Reverse Proxying over WebSockets: Building a Production-Ready Local Tunnel

by Syed Sibtain, System Analyst

Introduction

Most developers take for granted the ability to share a local project with a single command. Whether it’s for demos, testing, or webhooks, we often need a quick way to expose a local server. Tools like ngrok have become the default solution for this.

I’ve used ngrok for years while working on Gather AI, a platform for automating daily check-ins for async teams, and it’s been incredibly useful.
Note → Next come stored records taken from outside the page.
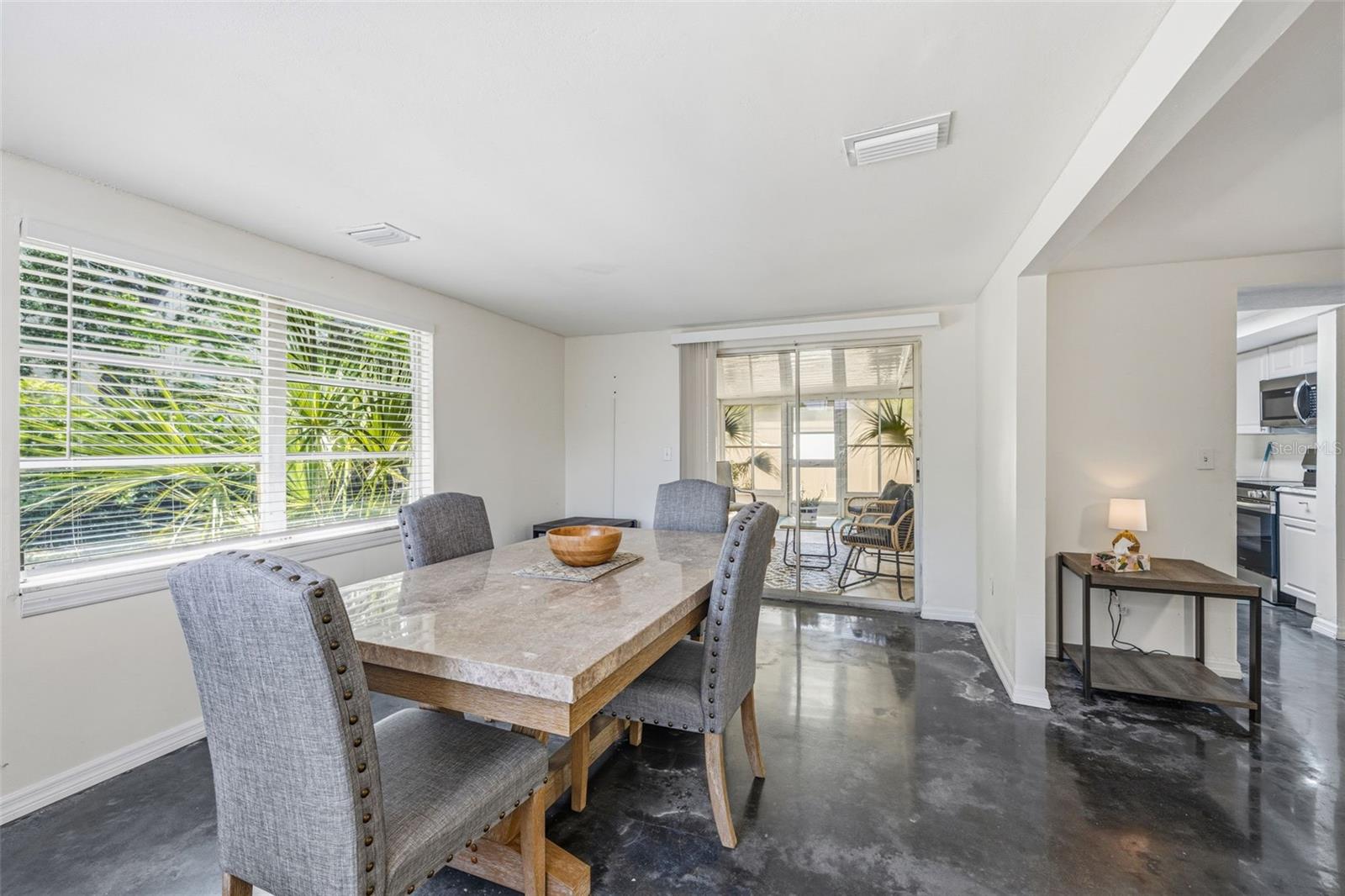 Image 15 of 28 For 6410 Westport Drive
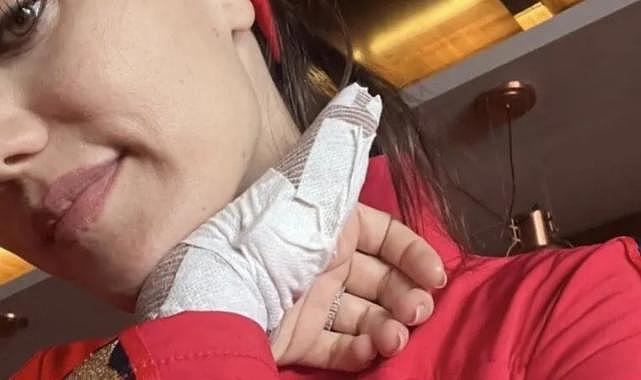 Fahriye Evcen kaza geçirdi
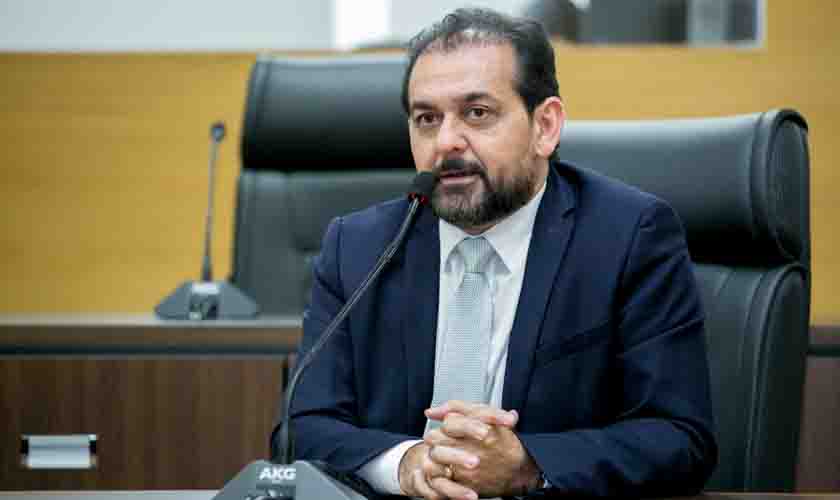 Assembleia promulga Lei nº 5.335 de autoria do deputado Laerte Gomes e que assegura direitos a pacientes diagnosticados com câncer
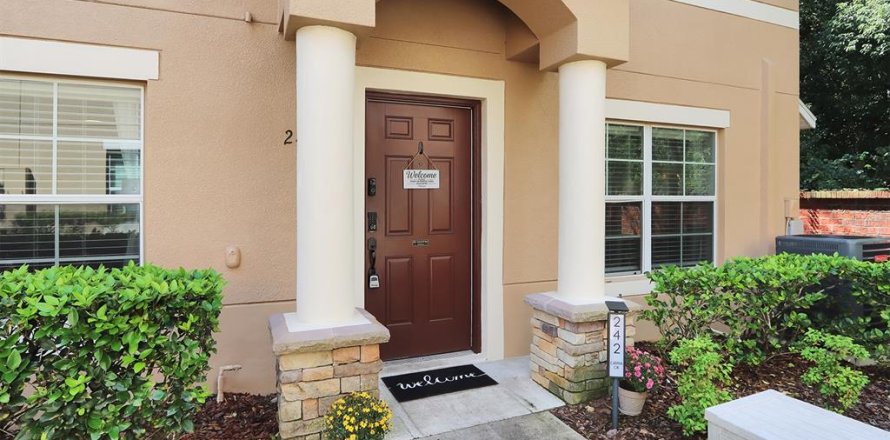 Touwnhouse à Sanford, Floride 3 chambres, 127.46 m2 № 2416624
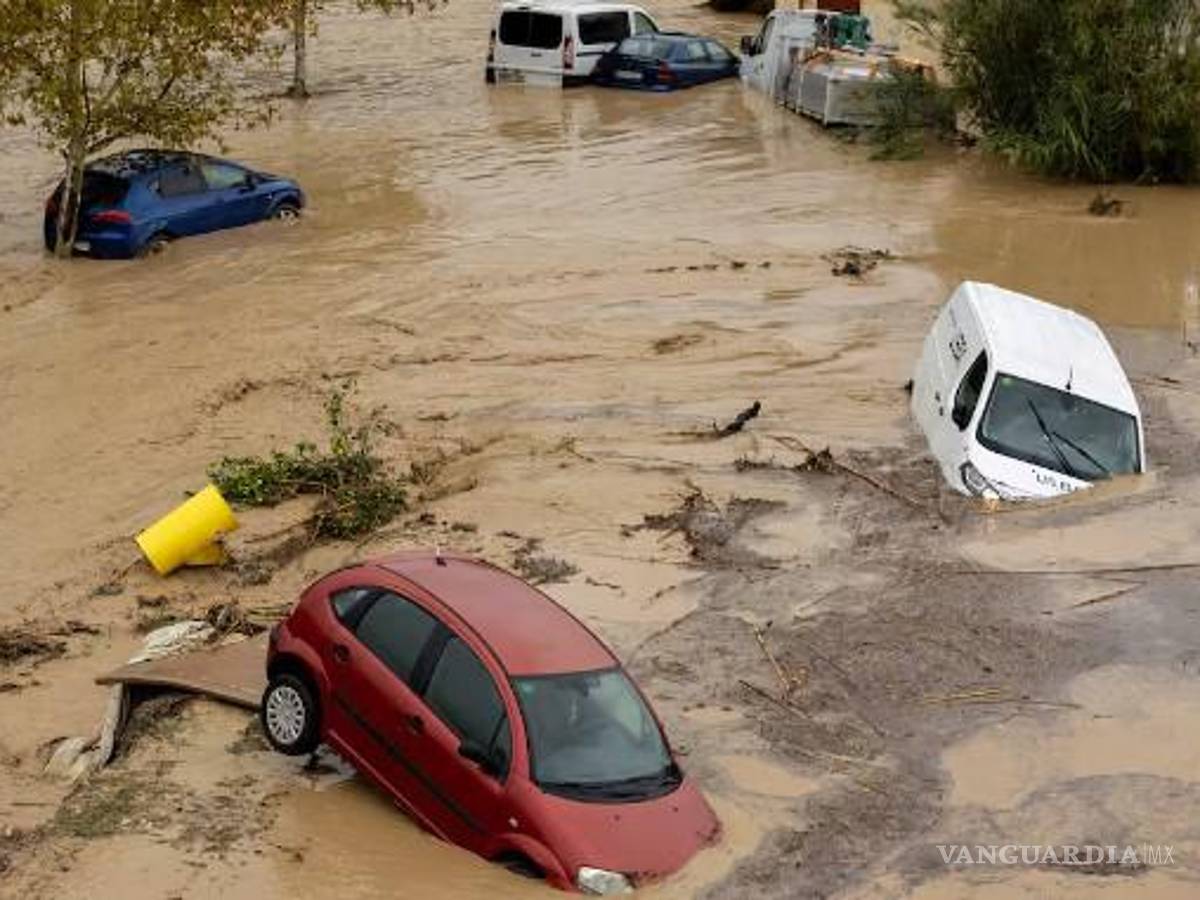 $!Terrible inundación en Valencia deja al menos 72 muertos y decenas de desaparecidos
But building a tunneling service is very different from using one. Once we try to do it ourselves, we quickly realize that the internet isn’t designed to let external traffic reach a private machine. In this post, I’ll walk through how we built a production-ready local tunneling system—why dynamic port allocation didn’t scale for us, and how we designed a reliable relay using NestJS and WebSockets.

The Problem: The "Dynamic Port" Trap

When we use ngrok or any other tunneling service, we don’t have to think about port allocation. The service dynamically assigns a port to your local server and forwards the traffic to it.

But when we build our own tunneling service, we need to think about port allocation. We need to assign a port to our local server and forward the traffic to it.

Our initial architectural goal was simple: assign a unique, random port on our server for every new tunnel (e.g., tunnel-server.com:45001 maps to localhost:3000).

However, this approach hit two major walls quickly:

  1. Provider Restrictions: Modern PaaS providers like Fly.io are optimized for standard web traffic (80/443). Exposing thousands of arbitrary ports is either impossible or a configuration nightmare.
  2. Network Friction: Many corporate firewalls block non-standard ports, rendering the service useless for developers in restricted environments.

The Pivot: We realized that instead of opening more "doors" (ports), we needed to multiplex data through a single "hallway." By using a persistent WebSocket connection on port 8080, we could tunnel multiple virtual requests through a single standard HTTPS connection.

Architecture Overview: The Three-Tier Design

Tier 1: Tunnel Server (NestJS Backend)

The server acts as the central orchestrator, handling:

  • HTTP Request Routing: Intelligently routing external requests to connected clients
  • WebSocket Management: Maintaining persistent connections with tunnel clients
  • Tunnel Lifecycle: Creating, tracking, and cleaning up tunnel connections
  • Multi-Protocol Support: Handling both HTTP and WebSocket upgrades

Tier 2: Tunnel Client (CLI Application)

The client is a lightweight CLI tool that:

  • Auto-Allocation: Requests tunnel creation from the server
  • WebSocket Bridge: Establishes persistent WebSocket connection
  • HTTP Proxying: Forwards external requests to the local development server
  • Connection Management: Handles reconnection and error scenarios

Tier 3: Local Development Server

The application being tested (e.g., a Rails, Next.js, or any other application) running on our local machine which we want to expose to the internet.

Architecture Overview

How a Request Travels Through the Tunnel

To make this easier to understand, let’s follow a single request from the browser to a local machine.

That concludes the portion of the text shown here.